C. S. LEFERVE, Chairman

An appendix follows, showing the area, population and assessment of the present divisions, and what would be their amount with the proposed alterations.

The CHAIRMAN then proceeded to submit to the court, in succession, the several clauses of the Report, of which, as far as relates to the alterations in the divisions, there was only one point if difference, namely, that the parishes of St. Mary Bourne and Hurstbourne Priors should be transferred from the Kingsclere to the Andover division; …

Upon the motion being put that St. Mary Bourne and Hurstbourne Priors should be transferred,

Mr. H. FELLOWES rose to oppose it. He said it would be an inconvenience and a great injustice to the labouring population of those parishes. With the exception of himself there would not be a resident magistrate belonging to the division within the distance of six miles. He should therefore propose that the parishes remain in the Kingsclere hundred.

Seconded by Rev. Mr. Orde.

Mr. H.B. Coles presented a petition from the principal farmers of St. Mary Bourne in favour of the transfer, stating that it would be highly convenient to them, as they all attended the Andover market, which was the town where the inhabitants of the parish obtained their supplies, and there was very little connection between the place and Kingsclere.

A question then arose as to the relative distance of that place from St. Mary Bourne to Kingsclere and Andover, and it was shown that some parts of the parish, which is extensive, is nearer to Kingsclere, and that the remainder and more populous portion of it was nearer to Andover.
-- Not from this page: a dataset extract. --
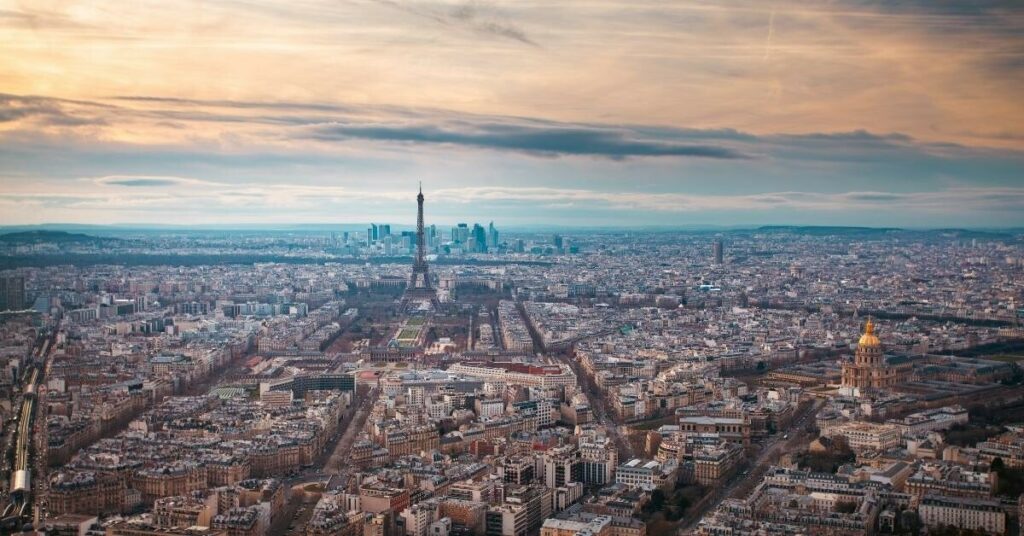 Una española en París revela qué piensan realmente los franceses de España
Upon a division, there appeared in favour of the recommendation of the Report, 30; against it, 19. …

(Hampshire Advertiser, 18 Apr 1846, Pg. 8)

There was indeed opposition to the plan as Mr. H. Fellowes believed it would be an inconvenience to the labourers! As he only mentioned the labourers did he think that only they committed crimes? The newspapers say otherwise…
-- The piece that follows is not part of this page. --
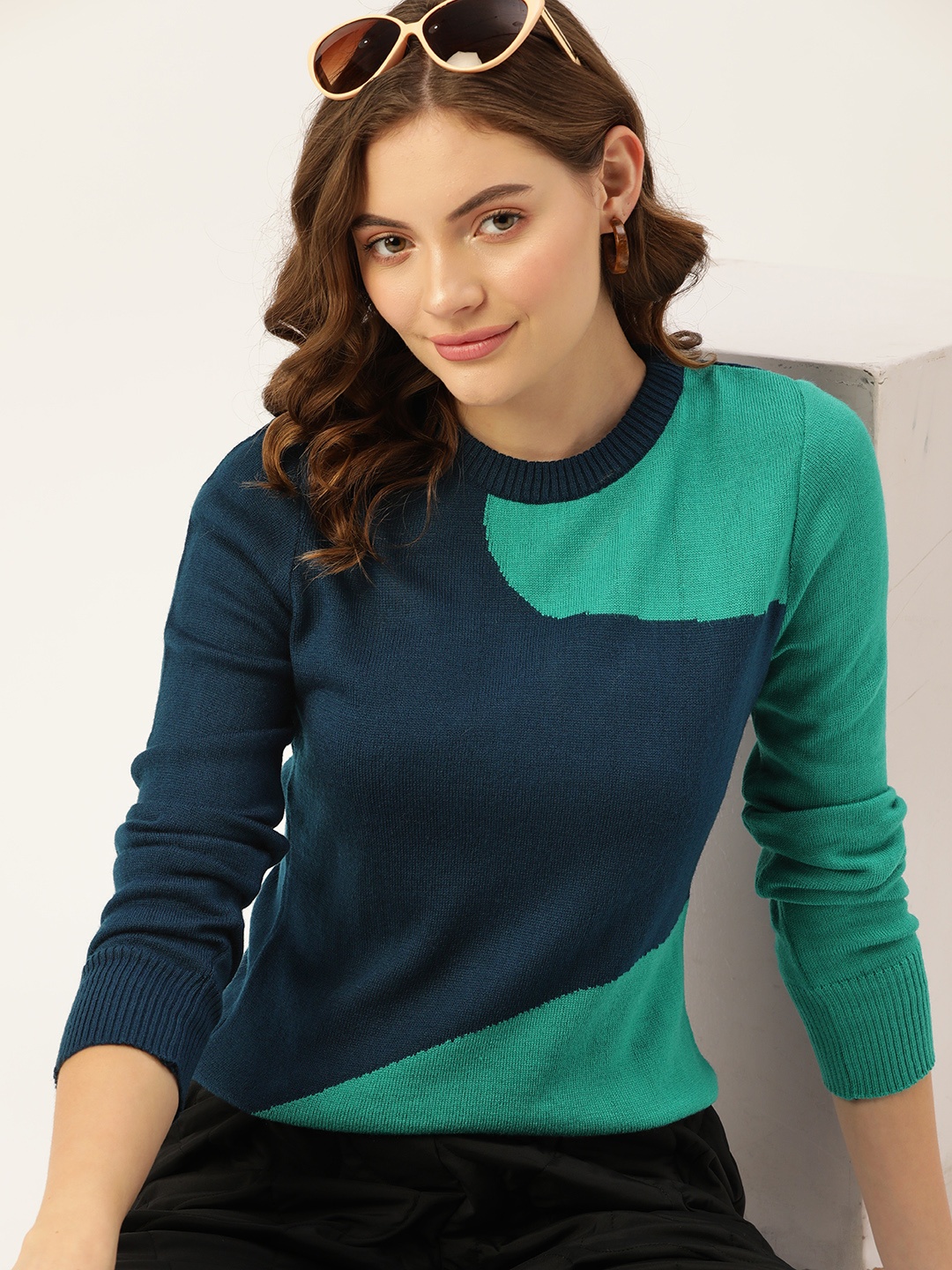 

DressBerry Women Navy Blue & Green Colourblocked Pullover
However, the principal farmers had planned ahead and had made a petition which was given to Mr. H.B. Coles in favour of the change as they had many dealings with the town of Andover as well as the majority of inhabitants. It’s clear from the directory details below from 1855 that Andover is connected St. Mary Bourne as the post come through there and every Saturday Edward Cooke carries goods to the town, and probably brings things back too.
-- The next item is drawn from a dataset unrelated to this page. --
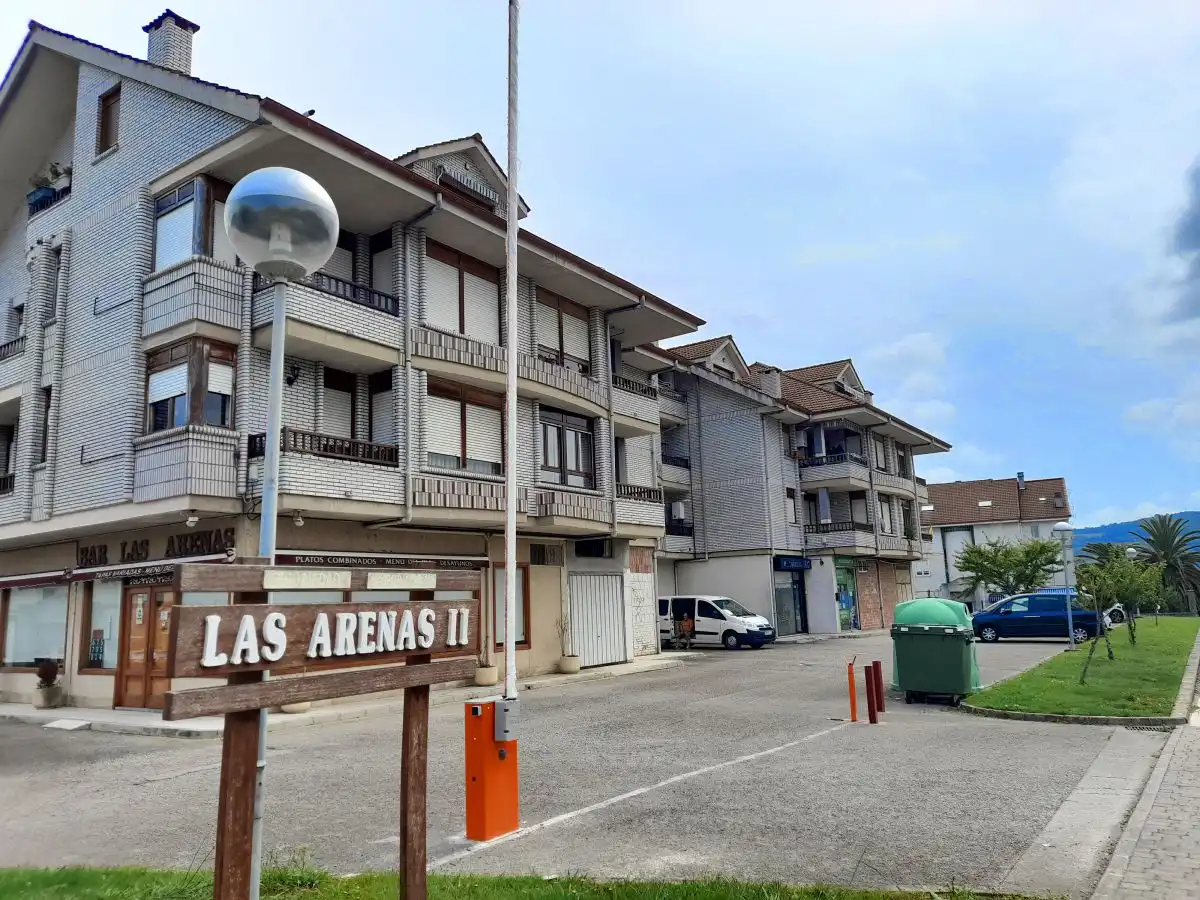 Exterior view of Commercial properties for sale in Bárcena de Cicero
From the St Mary Bourne section of the 1855 Post Office Directory for Hampshire

A vote was then held after the discussions about distance which went in favour of those for the change and the plans went ahead.

One further mention of this change was in October.

POLICE – We observe by the Report of the Magistrates at the last quarter sessions, held at Winchester, that the parishes of St. Mary’s Bourne, six miles from Andover, and Down Hurstbourne [Hurstbourne Priors], five miles from ditto, are added to the Andover division; as was also recently the borough of Andover. These additions must give increased duties to the superintendent of this district.

(Hampshire Advertiser, 31 Oct 1846, Pg. 5)

Another change in 1846 was the merging of the Andover Borough Police Force with the Hampshire Constabulary.

“… the history of the police in Andover which went back before 1846, when there had taken place a consolidation between the Andover Borough Police Force, consisting of on sergeant and four constables, and the county force.”

(Watt, 2006, p. 182)

Further investigations are ongoing into policing in the parish St. Mary Bourne (hence this is part 1!), it’s known there was a police house and/or police station. I have been told of two houses in the village of St. Mary Bourne that were used as police houses but have yet to find any corroborating evidence to support this. Also these houses would not have been there in the 1840s so are not the location of the earliest police house/station.

As of today I do have the names of 10 police constables dated between 1840 and 1927 that were connected to the parish, more work is ongoing to see what else can be learnt.

Plus of course more work is required to find out if the parish had a parish constable, and how the parish was policed before the Hampshire Constabulary.


Watt, I. A. (2006). A history of The Hampshire & Isle of Wight Constabulary 1839-1996. Chichester: Phillimore & Co. Ltd.